→ PROVIDED ENTRIES
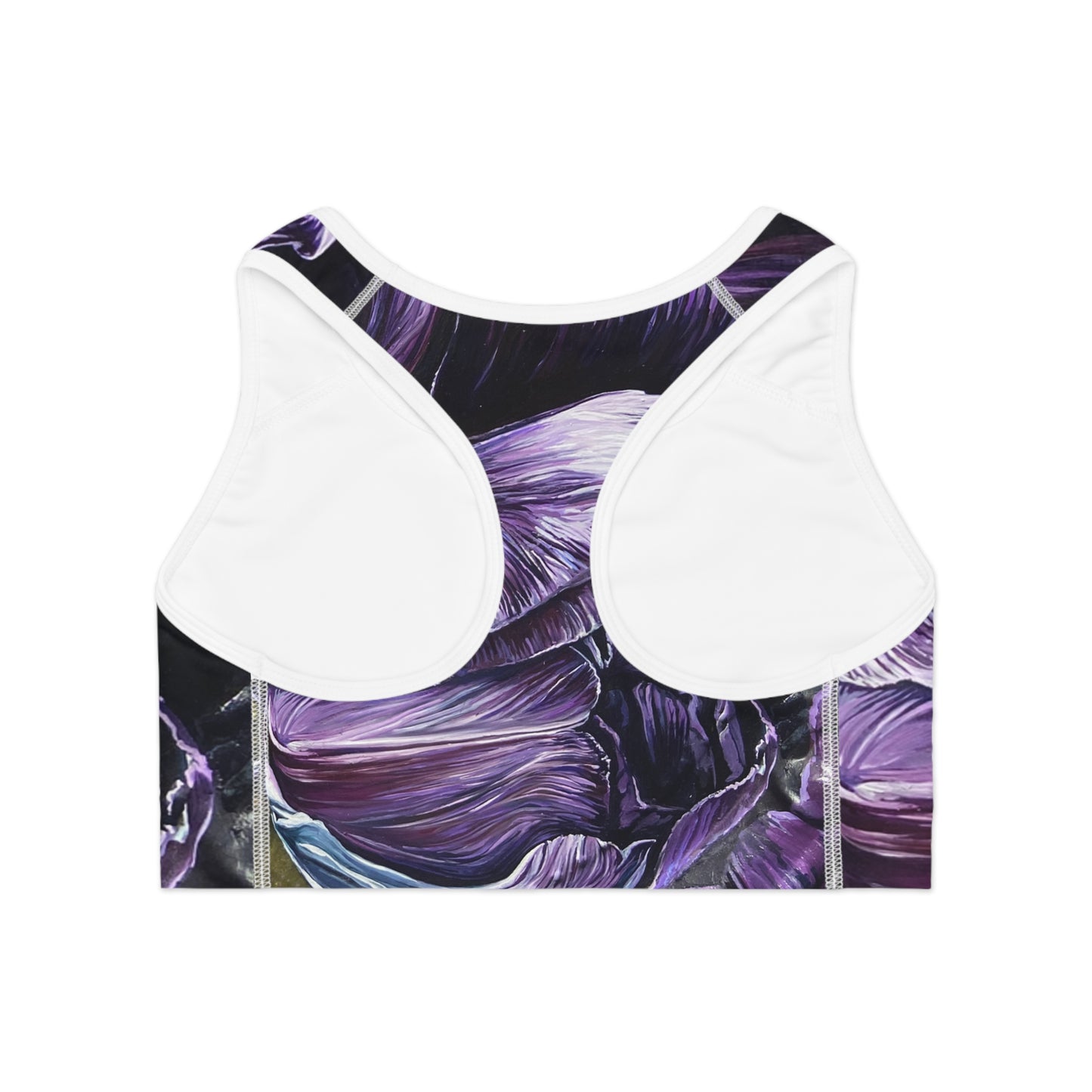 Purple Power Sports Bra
* * *
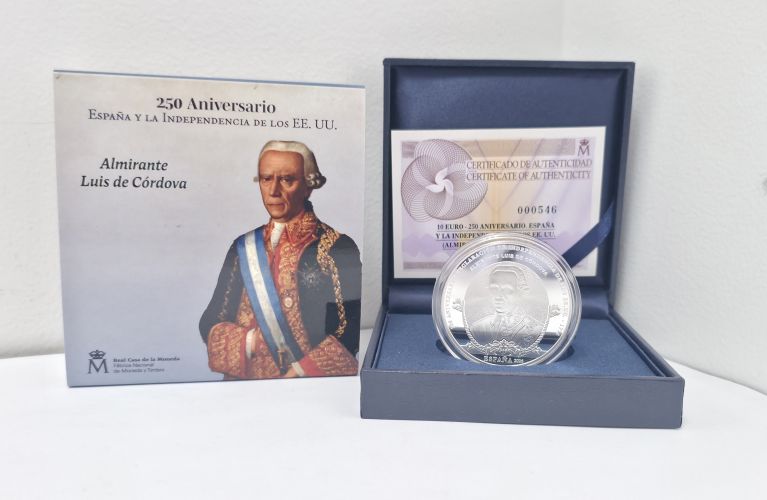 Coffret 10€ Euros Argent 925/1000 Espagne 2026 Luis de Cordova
* * *
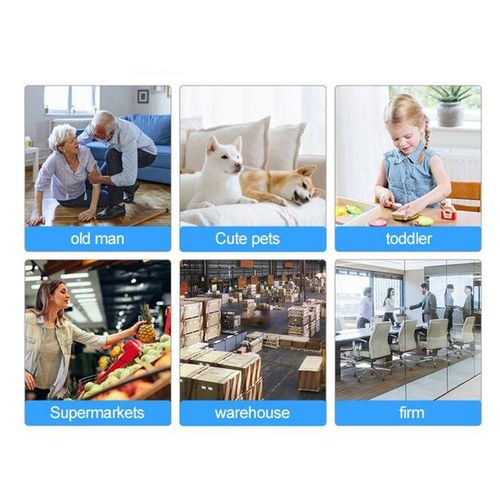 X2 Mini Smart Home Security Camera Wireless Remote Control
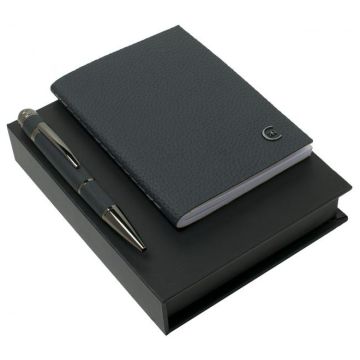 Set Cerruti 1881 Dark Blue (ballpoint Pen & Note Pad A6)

→ YOUR INSTRUCTIONS
Reproduce the listing above from the line that holds "X2 Mini Smart" through the line that holds "Set Cerruti 1881", both included, with the pictures left out.

→ EXERCISE RESPONSE
 X2 Mini Smart Home Security Camera Wireless Remote Control
 Set Cerruti 1881 Dark Blue (ballpoint Pen & Note Pad A6)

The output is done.